Ao longo de nove capítulos, o autor mostra a presença constante do conceito de inferno em diversas civilizações, desde as antigas sociedades orais, como a África negra e os infernos xamânicos, até as grandes religiões orientais antigas, incluindo os infernos mesopotâmicos e hinduístas. Explora também os infernos pagãos clássicos, como os gregos e o inferno existencial de Lucrécio, bem como os infernos bíblicos e hebraicos. Além disso, a obra aborda a evolução do inferno cristão, desde suas bases na tradição popular até as visões monásticas e teológicas. Discute ainda os derivados desse conceito no mundo muçulmano, o papel do inferno na Idade Média e suas representações artísticas e literárias. O autor analisa o apogeu e questionamento do inferno nos séculos XVII-XIX, incluindo seu endurecimento no século XIX e as críticas surgidas nesse período. Por fim, explora as metamorfoses do inferno nos séculos XIX-XX, destacando o recuo dos medos escatológicos e as transformações contemporâneas desse conceito.
“Se o inferno do além não interessa mais a muita gente, o inferno terreno nunca foi tão popular: diariamente vemos suas imagens na tevê, e isso não comove mais.
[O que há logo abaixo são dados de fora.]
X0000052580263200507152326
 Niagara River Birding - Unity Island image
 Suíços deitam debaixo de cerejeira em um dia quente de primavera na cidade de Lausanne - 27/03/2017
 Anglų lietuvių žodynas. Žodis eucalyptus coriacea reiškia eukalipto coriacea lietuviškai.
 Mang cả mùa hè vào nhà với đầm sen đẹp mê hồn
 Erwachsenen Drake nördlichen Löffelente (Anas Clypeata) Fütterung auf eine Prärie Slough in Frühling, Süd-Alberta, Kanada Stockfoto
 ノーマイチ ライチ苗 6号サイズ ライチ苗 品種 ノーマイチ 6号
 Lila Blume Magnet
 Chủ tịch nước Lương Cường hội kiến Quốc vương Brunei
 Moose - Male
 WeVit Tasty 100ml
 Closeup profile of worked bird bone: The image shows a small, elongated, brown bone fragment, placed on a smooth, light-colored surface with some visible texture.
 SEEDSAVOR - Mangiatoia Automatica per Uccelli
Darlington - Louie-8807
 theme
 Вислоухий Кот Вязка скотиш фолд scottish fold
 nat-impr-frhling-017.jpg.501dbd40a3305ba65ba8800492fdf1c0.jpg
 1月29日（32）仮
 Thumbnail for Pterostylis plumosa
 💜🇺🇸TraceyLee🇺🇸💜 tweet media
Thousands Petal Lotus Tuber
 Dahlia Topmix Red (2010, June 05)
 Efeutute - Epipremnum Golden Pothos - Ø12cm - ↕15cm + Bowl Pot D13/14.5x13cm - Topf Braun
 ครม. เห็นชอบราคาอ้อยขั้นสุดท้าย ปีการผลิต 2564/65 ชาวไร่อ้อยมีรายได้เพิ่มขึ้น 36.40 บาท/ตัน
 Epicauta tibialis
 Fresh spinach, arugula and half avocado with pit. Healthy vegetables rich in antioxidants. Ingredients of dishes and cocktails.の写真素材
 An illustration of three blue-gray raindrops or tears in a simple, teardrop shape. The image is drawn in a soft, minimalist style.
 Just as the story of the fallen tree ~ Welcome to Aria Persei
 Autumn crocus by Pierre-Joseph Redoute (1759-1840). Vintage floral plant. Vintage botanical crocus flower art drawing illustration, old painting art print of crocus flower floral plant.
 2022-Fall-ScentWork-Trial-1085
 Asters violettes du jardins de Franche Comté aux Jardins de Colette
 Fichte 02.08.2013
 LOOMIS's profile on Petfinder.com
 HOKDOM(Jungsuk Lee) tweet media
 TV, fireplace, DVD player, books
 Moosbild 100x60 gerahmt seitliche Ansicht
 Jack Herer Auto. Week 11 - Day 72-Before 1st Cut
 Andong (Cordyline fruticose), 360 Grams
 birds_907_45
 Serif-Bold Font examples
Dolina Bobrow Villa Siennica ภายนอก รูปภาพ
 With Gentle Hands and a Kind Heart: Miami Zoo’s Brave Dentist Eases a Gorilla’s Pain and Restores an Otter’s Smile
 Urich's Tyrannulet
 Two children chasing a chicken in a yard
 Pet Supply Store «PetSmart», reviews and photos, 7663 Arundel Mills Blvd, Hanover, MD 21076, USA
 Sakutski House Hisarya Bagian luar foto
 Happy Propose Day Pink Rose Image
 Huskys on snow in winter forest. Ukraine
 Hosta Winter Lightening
O século XXI se encaminha para ser sua apoteose: inaugurado pela queda das torres infernais do World Trade Center em 2001, seguida pela vaga terrorista jihadista, ele está indo direto para o inferno planetário anunciado pela poluição generalizada, a explosão demográfica e o desequilíbrio climático”, provoca. “O inferno das religiões pode ser relegado à história dos mitos, pode fechar suas portas: temos tudo de que precisamos na Terra, ultrapassando até mesmo as visões mais selvagens dos monges medievais. Mas será que o próprio termo “inferno”, tão banalizado, ainda faz sentido? A evolução do mito do inferno é um bom indicador das transformações éticas que estão ocorrendo em nossas sociedades; seu último avatar também revela as inquietações do mundo contemporâneo diante de um futuro mais incerto que nunca.”